Stellen Sie sich eine App vor, die ihnen frühmorgens anzeigt, dass Sie mit einer Wahrscheinlichkeit von 37 Prozent erkranken werden und die ihnen rät, bestimmte Nahrung zu sich zu nehmen, damit ihr Krankheitsrisiko bis zum nächsten Tag auf 14 Prozent sinkt.
Die Lebensmittel werden sich ändern, ich nenne das 'Medical Food'. Den Gesundheits-Yoghurt gibt es zwar heute schon. Bislang kaufen ihn aber nur Leute, die daran glauben. Den Durchbruch im Massenkundensegment erzielen Sie erst dann, wenn Sie die gesundheitsfördernde Wirkung auch tatsächlich messen können.
An Gesundheitsyoghurts oder künstlichen Kreuzbändern habe ich nichts auszusetzen. Aber Gehirnimplantate haben eine andere Dimension und werfen ethische Fragen auf. Sie verändern sozusagen die Substanz des Menschen, möglicherweise seine Persönlichkeit, seinen Charakter.
Jánszky: Wollen Sie einem Schüler, der in Mathematik bislang nur grottenschlechte Noten geschrieben hat, wollen Sie ihm verbieten, sich einen Mathe-Chip in den Kopf setzen zu lassen. Der will doch auch mal eine Top-Note schreiben.

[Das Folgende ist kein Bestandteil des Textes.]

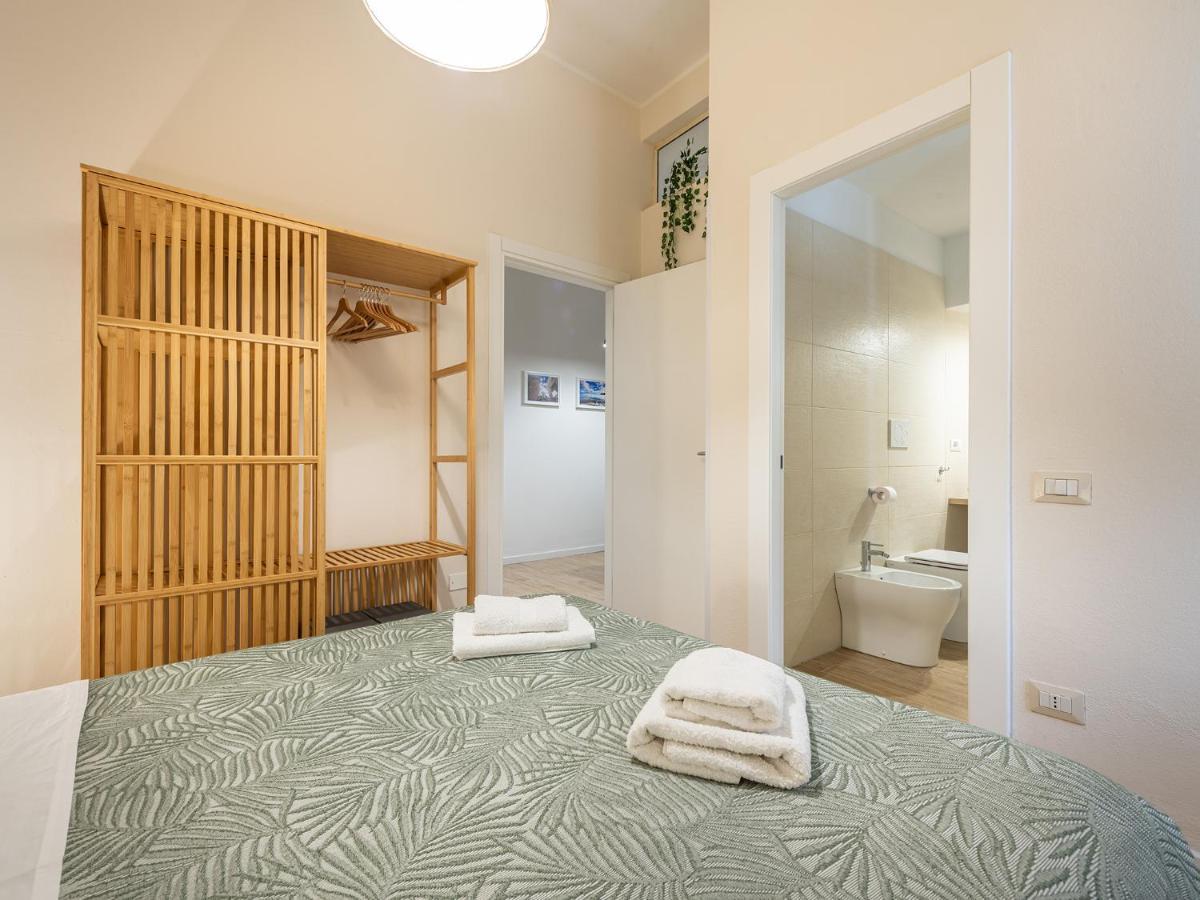 Bba Biddanoa Boutique Apartment Cagliari Exterior photo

In den KI-Entwicklergemeinden gibt es drei wesentliche Kriterien, mit denen zum Beispiel Gehirnimplantate beurteilt werden. (1) Sind Sie nützlich? (2) Haben Sie Schwächen? und (3) Wissen wir genug darüber? Natürlich implizieren Bio-Implantate auch ethische Fragen nach dem Kern und Wesen des Menschen. Die gesellschaftliche Debatte darüber läuft zurzeit. Aber den Lauf der Dinge hält ein Schweizer oder ein deutsches 'Nein' nicht auf.
Der Widerstand gegen Herztransplantationen wäre vor 50 Jahren ähnlich gross gewesen. Auch das Herz ist in der menschlichen Vorstellungswelt ein besonderes Organ. Das merkt man schon allein daran, wie wir darüber reden: Jemand steckt sein ganzes Herzblut in eine Sache. Er/Sie ist mit dem Herzen dabei. Verändert eine Herztransplantation oder ein Bypass die Persönlichkeit eines Menschen? Heute gehören sie zum medizinischen Standard-Repertoire.